February 9, 2011 / 1:18 PM / 9 years ago

Great Western sees S.African rare earth production

CAPE TOWN (Reuters) - Canadian rare earth processor Great Western Minerals Group expects output of 2,700 tonnes a year from its South African rare earth mine in two years’ time, company executives said on Wednesday.

Mineworkers work deep underground at Harmony Gold Mine's Cooke shaft near Johannesburg, September 22, 2005. REUTERS/Mike Hutchings

When Steenkampskraal mine, 400 km (250 miles) northwest of Cape Town, cranks up again — it was officially closed in 1965

— it will make Great Western one of the few non-Chinese firms mining and processing rare earth minerals.

“Not only will we be one of the very few integrated rare earth producers in the world, we will be one of the first to produce the critical heavy rare earths,” Chief Executive Jim Engdahl told an African mining conference.

Rare earths, which are used in smartphones and hybrid cars, as well as in the aerospace industry, abound in the high-grade ore at Steenkampskraal, Engdahl said.

“As a result of the grade, it will produce more heavy rare earth per tonne than any other known deposit in the world today,” he told Reuters.

China produces over 95 percent of the world’s rare earths, triggering global concerns about the Asian economic powerhouse dominating production, especially after recent cuts to export quotas sent prices of individual oxides soaring.

Engdahl said South Africa, already the world’s top platinum and a major gold producer, could emerge as a global leader in rare earth exports, driven by Chinese demand for the minerals.

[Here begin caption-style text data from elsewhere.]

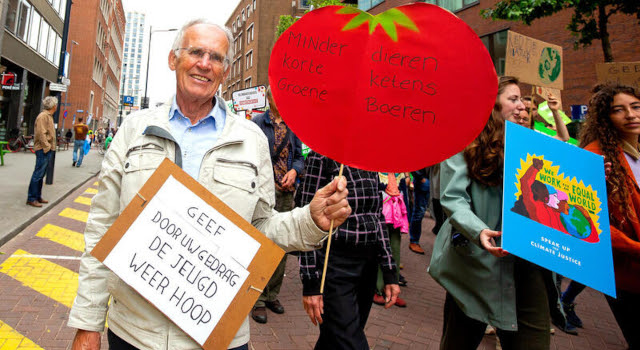 Een persoon tijdens de vorige klimaatmars die met borden aandacht vraagt voor  biologische landbouw en een oproep tot het geven van hoop aan de jeugd.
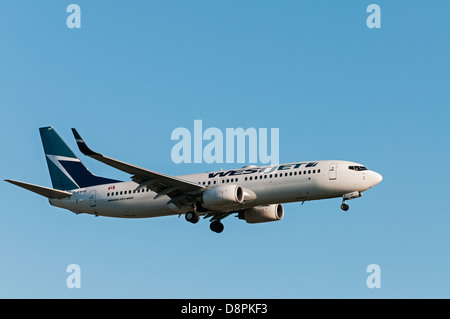 Un Westjet Boeing 737-800 (C-GWBL) jetliner in volo e sull approccio finale per l'atterraggio all'Aeroporto Internazionale di Vancouver. Foto Stock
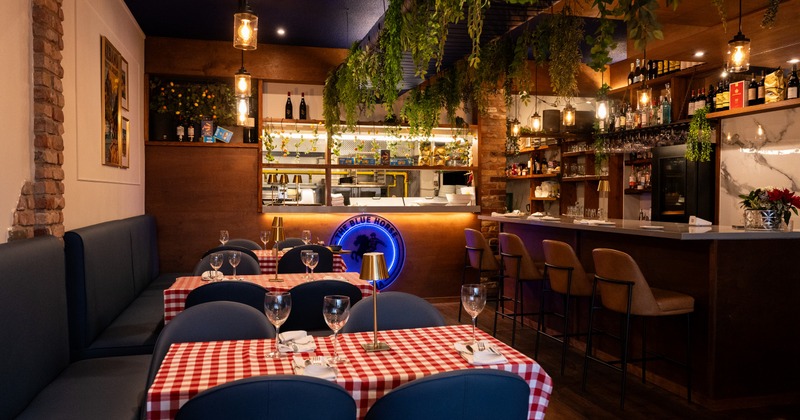 Elegant dining space with decorative plants and art on the walls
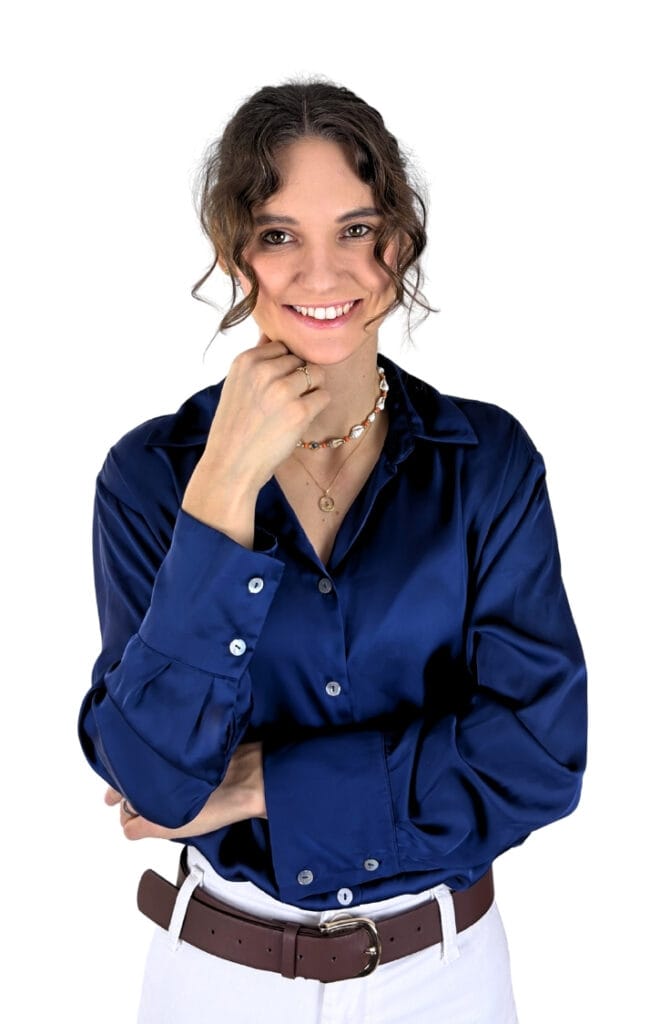 Uśmiechnięta mgr Kalina Paszyna-Grochowska, psycholog i założycielka Portalu PsychologNaFali, w portretowym ujęciu z dłonią pod brodą, ubrana w granatową satynową koszulę oraz białe spodnie z brązowym paskiem – oferująca wsparcie i konsultacje psychologiczne dla młodzieży i dorosłych.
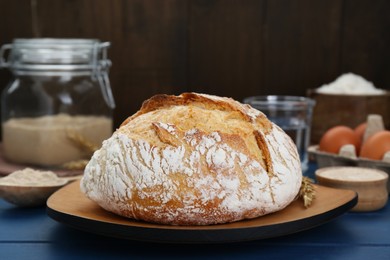 Photo of Freshly baked bread on blue wooden table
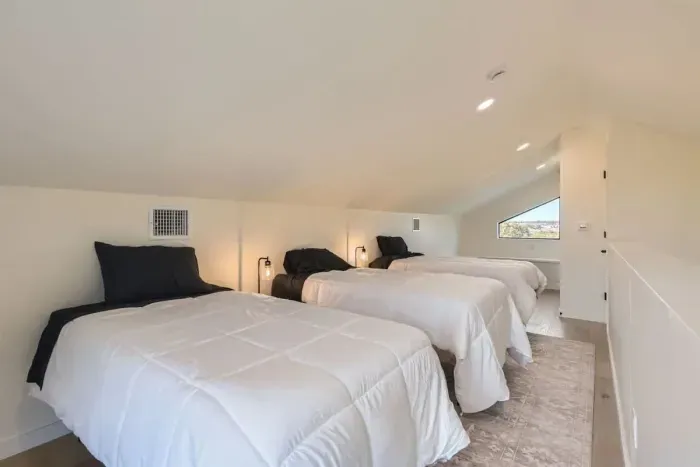 A clean, classic room with 3 single  beds and simple decor, offering a restful night’s sleep and relaxation.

“The big opportunity here that people haven’t recognised is that China will become a net importer by 2014/15,” he said. “We believe South Africa will become one of the leaders in this industry outside of China.”

Great Western is spending 300 million rand rehabilitating Steenkampskraal after its closure nearly 50 years ago because of a lack of profitability.

However, the site has about 30,000 tonnes of known rare earth deposits, enough for 10 years’ production at a planned output rate of less than 3,000 tonnes a year.

Further exploration is planned at Steenkampskraal and other sites in South Africa in a bid to boost annual production to 5,000 tonnes, Engdahl said. Rare earths might also be recoverable from the by-product of platinum mining, he said.

Toronto-listed Frontier Rare Earths Ltd said they expect production from their Northern Cape project by 2015.

“The anticipated Zandkopsdrift project is of a global significant scale — 20,000 tonnes a year,” said Chief Executive James Kenny.